EXERCISE DIRECTIONS ::
Without pictures, output exactly the lines running from the line containing "Helen M. Shaw Profile Photo" to the end of the listing below.

MATERIAL PROVIDED ::
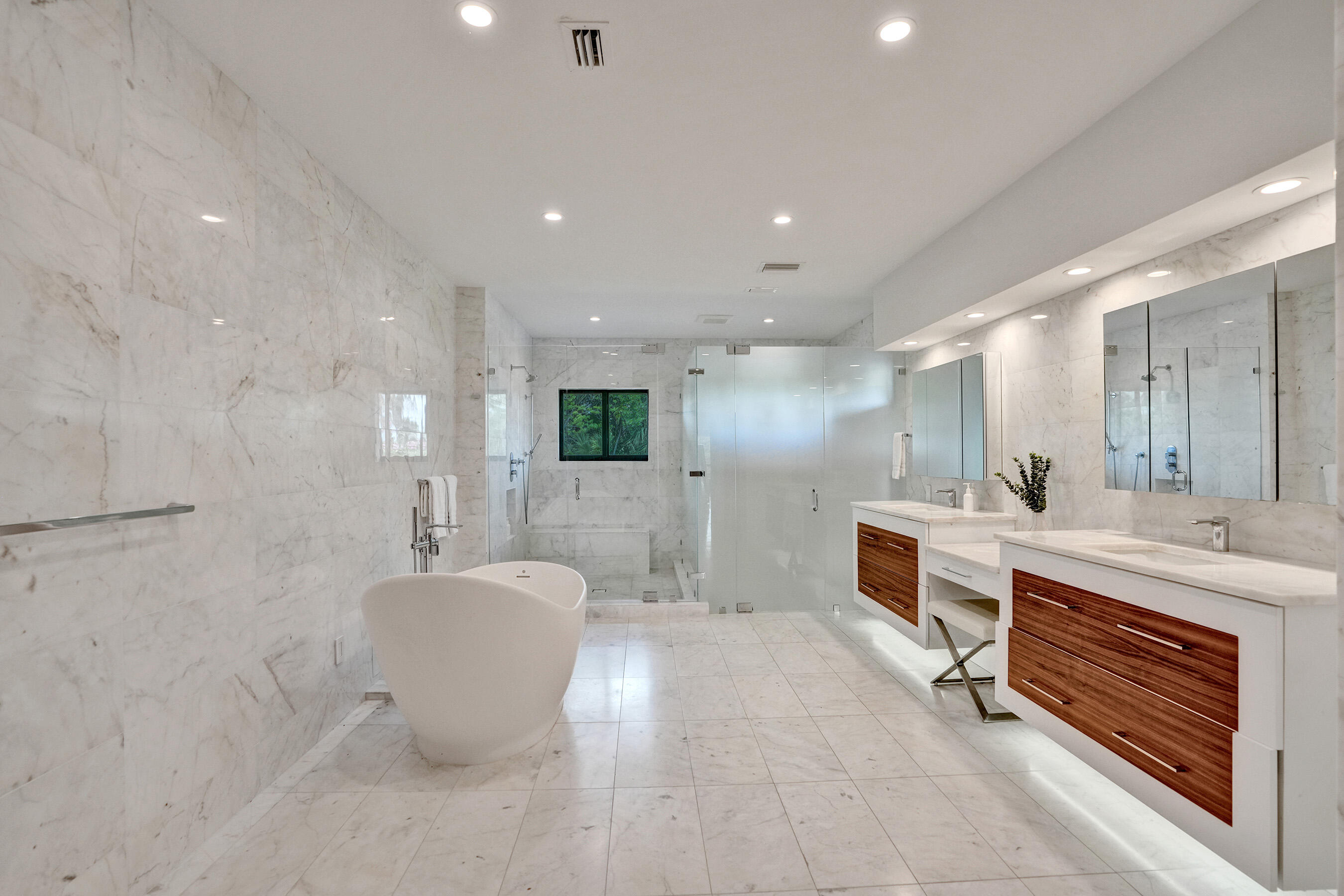 RIVERLAND - Residential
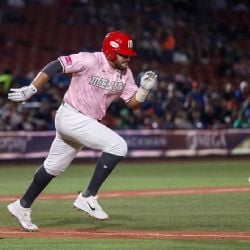 La Selección Mexicana de Beisbol pierde por nocaut ante Estados Unidos y queda eliminada del Premier 12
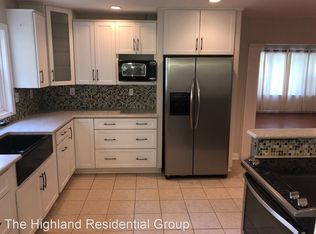 1353 Arnold Ave NE, Atlanta, GA 30324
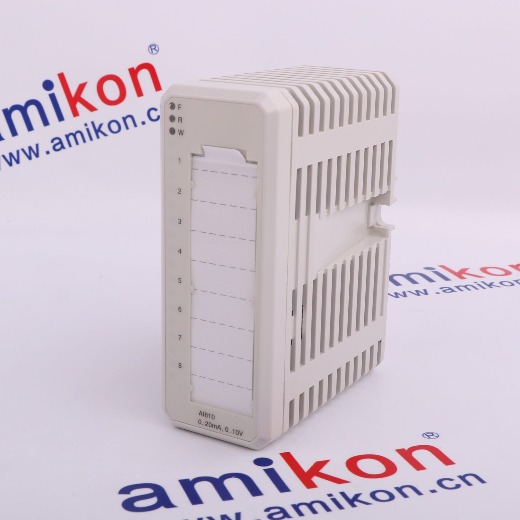 ABB, DSCA 160A - RS 232 Communication Processor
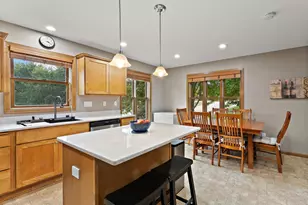 397 Whispering Ln, Hastings, MN 55033 - Photo 10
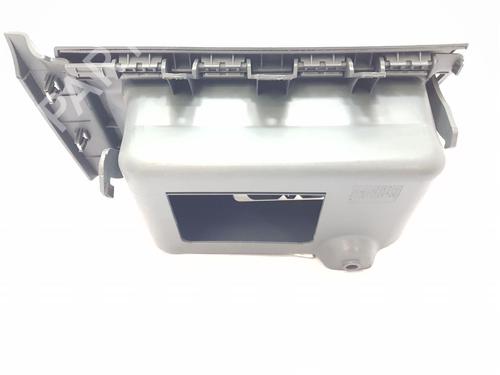 Glove box FORD KA (RU8) 1.2 | BP25462286C95 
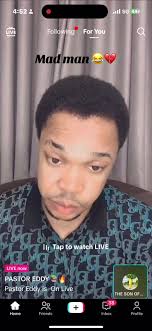 Pastor Edwin Dawson Songs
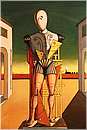 dechirico038.jpg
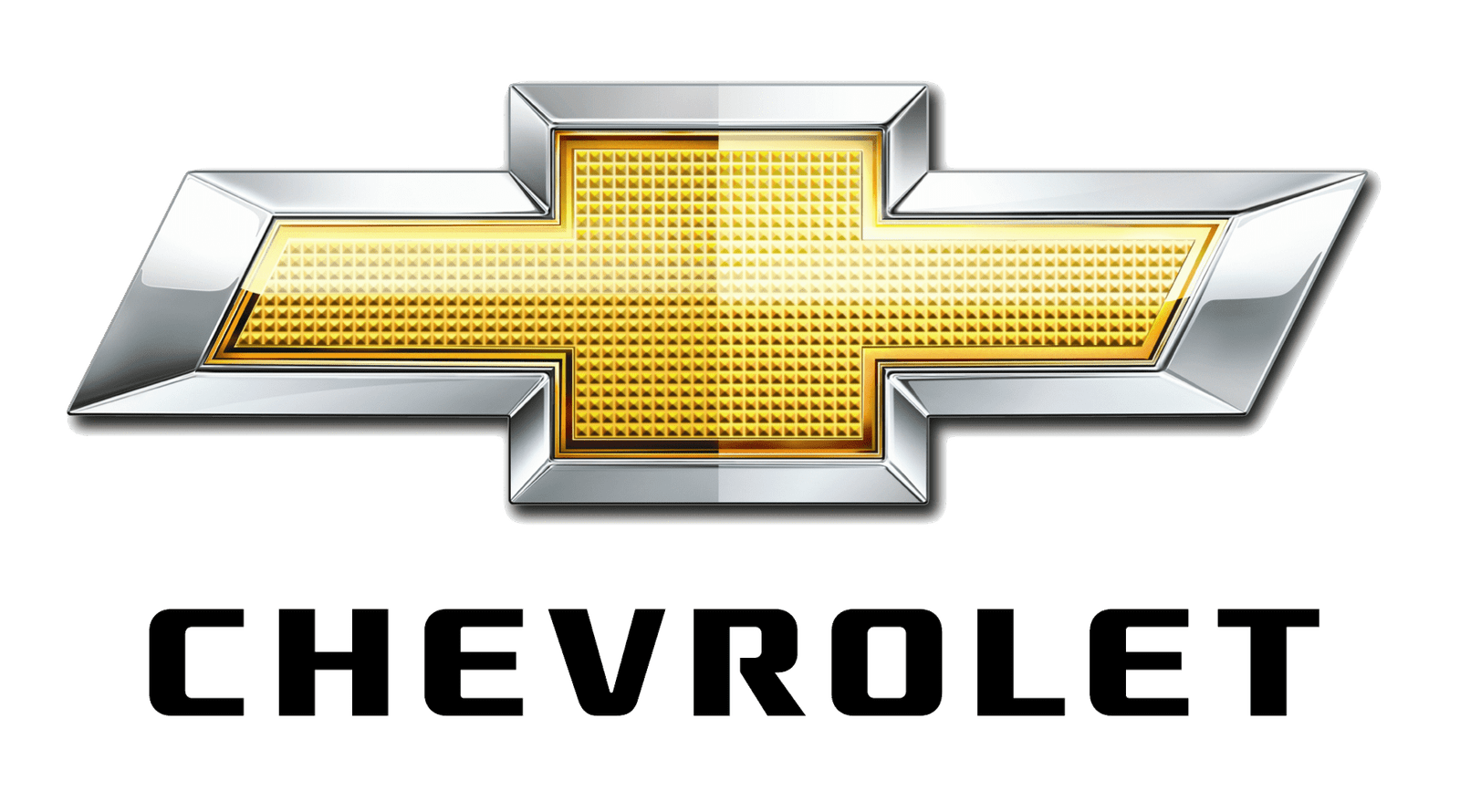 Chevrolet-logo.png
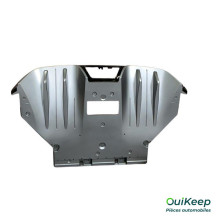 Spoiler Luftleitblech hinten - RENAULT Megane 4 - 960301802R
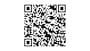 Opel Mokka 1.2 TURBO LEVEL 5 INCL Bi Color  Massage !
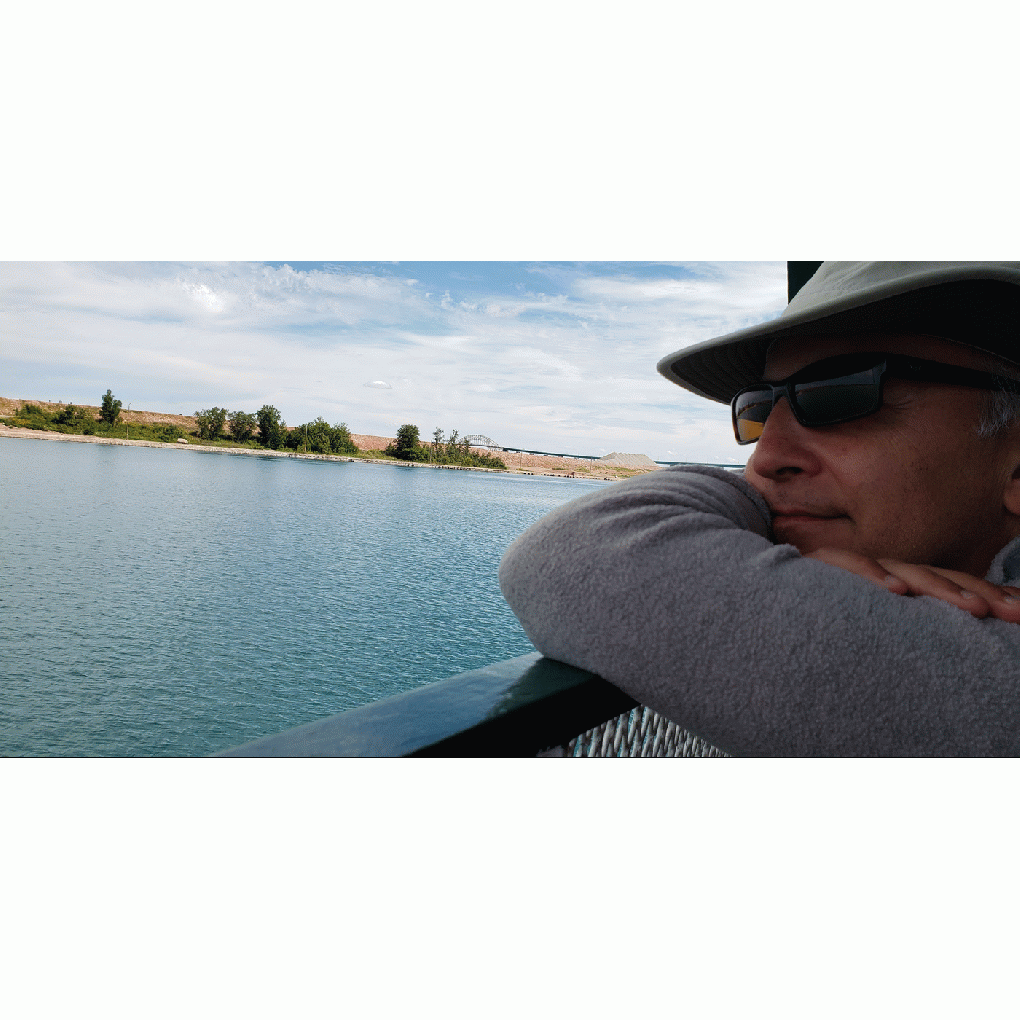 Rob_Drums_BackingVocals_Lyrics full image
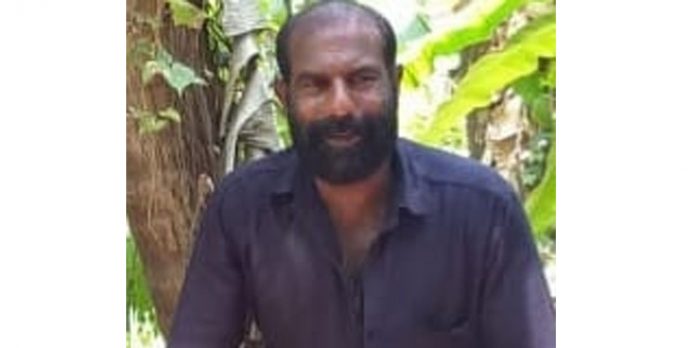 വധിക്കാൻ നേരത്തെ പദ്ധതിയിട്ടു ; ഒരാഴ്ച മുമ്പ് കൃത്യമായ ആസൂത്രണം നടത്തി – കുറ്റസമ്മത മൊഴി വധിക്കാൻ നേരത്തെ പദ്ധതിയിട്ടു ; ഒരാഴ്ച മുമ്പ് കൃത്യമായ ആസൂത്രണം നടത്തി – കുറ്റസമ്മത മൊഴി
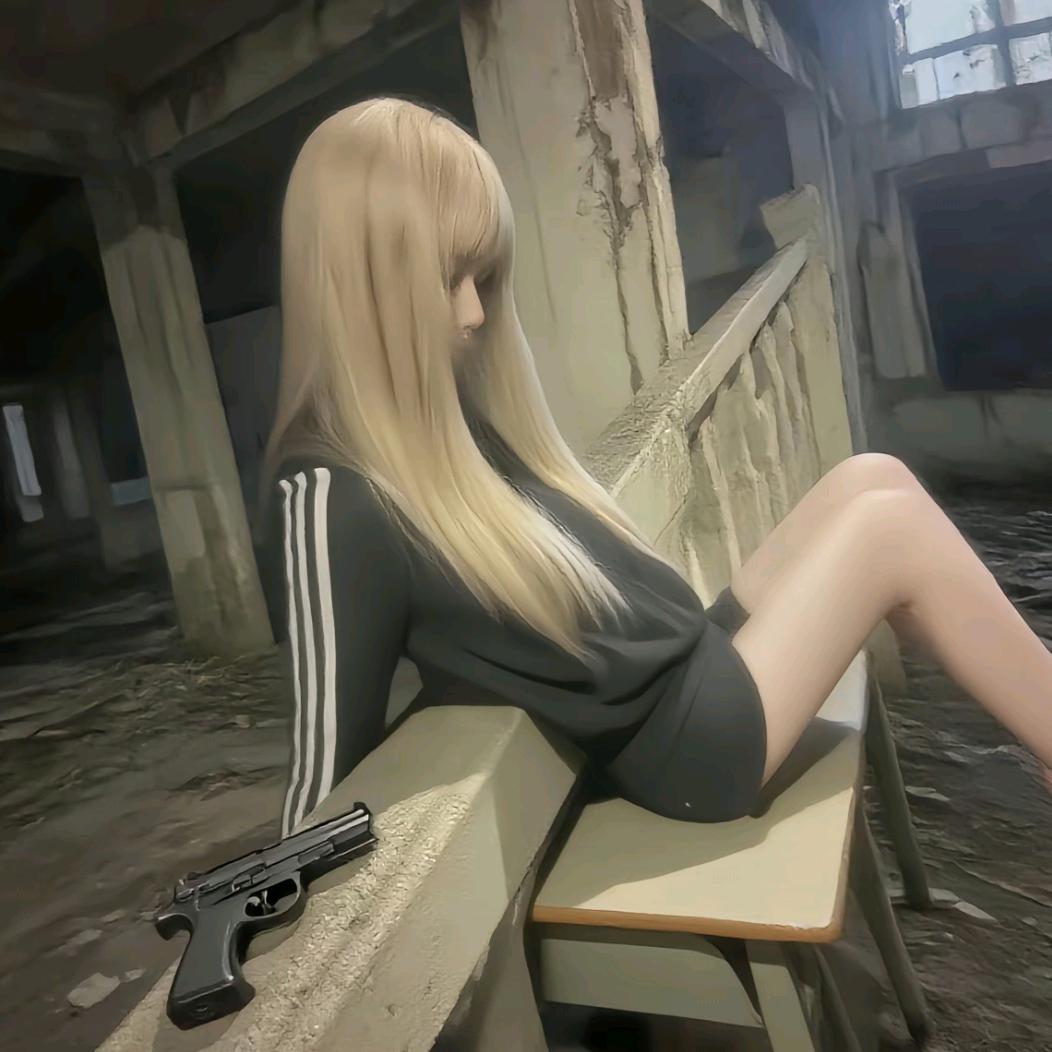 学生党里我称王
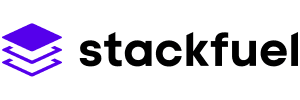 StackFuel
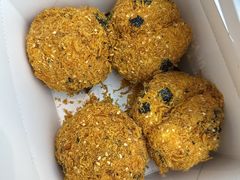 -酥大興·新国潮糕点配茶饮(龙岗万达黑金店)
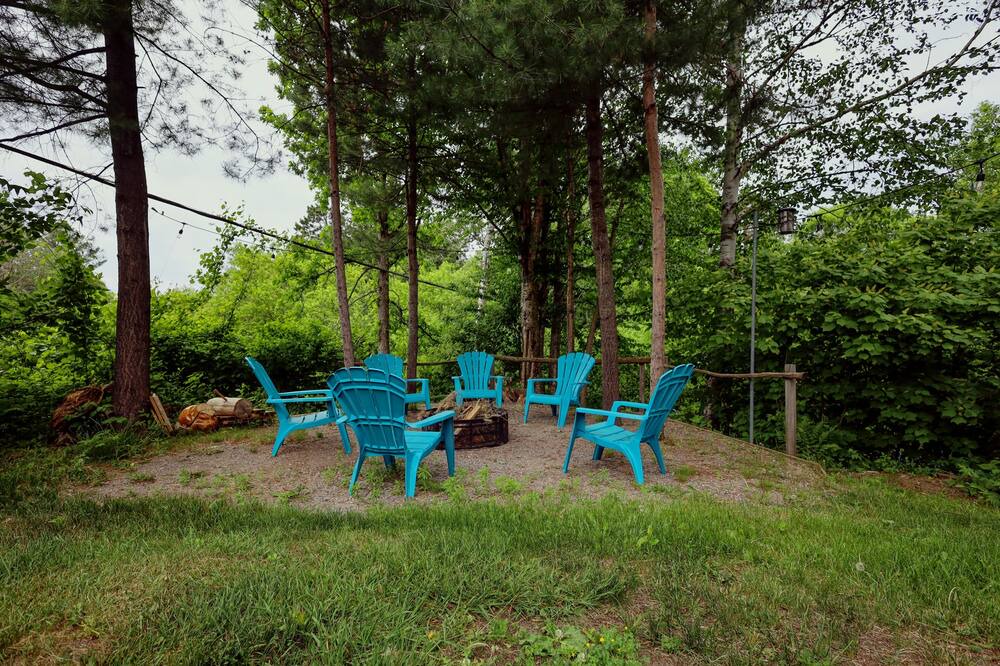 Photo of Outdoor in Sturgeon Falls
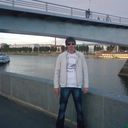  ,   , 43 ,   ,   , c , 
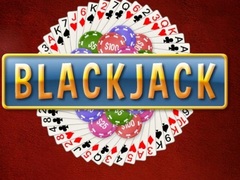 Spēle Blackjack King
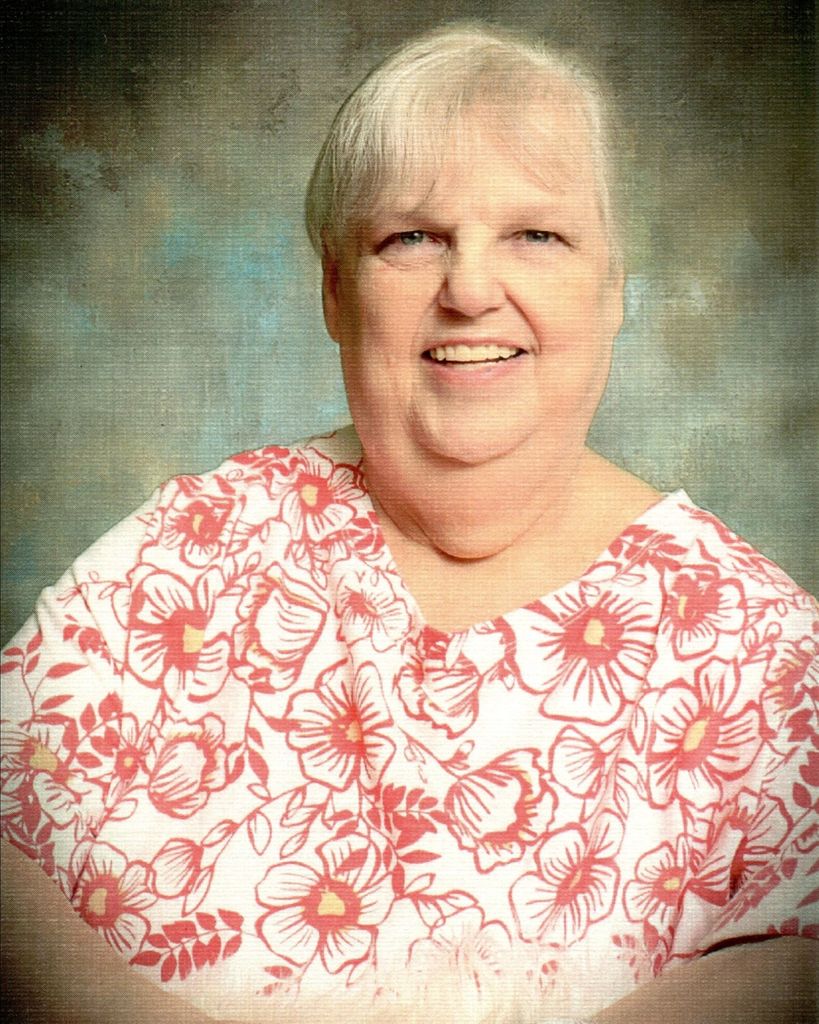 Helen M. Shaw Profile Photo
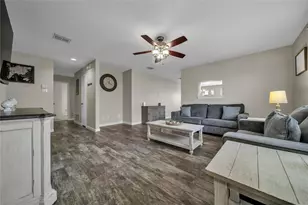 552 Lincoln Ave, Lavon, TX 75166 - Photo 10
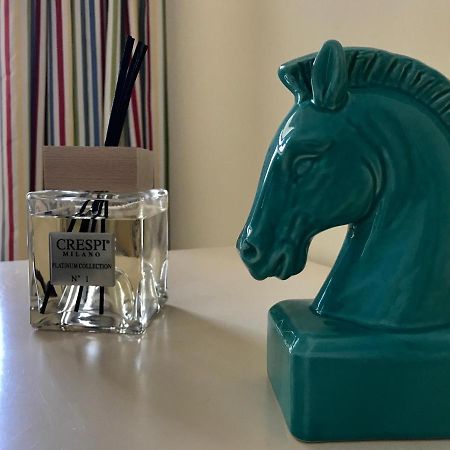 トウスター Seawell Bed & Breakfast エクステリア 写真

SOLUTION FOR THIS TASK ::
 Helen M. Shaw Profile Photo
 552 Lincoln Ave, Lavon, TX 75166 - Photo 10
 トウスター Seawell Bed & Breakfast エクステリア 写真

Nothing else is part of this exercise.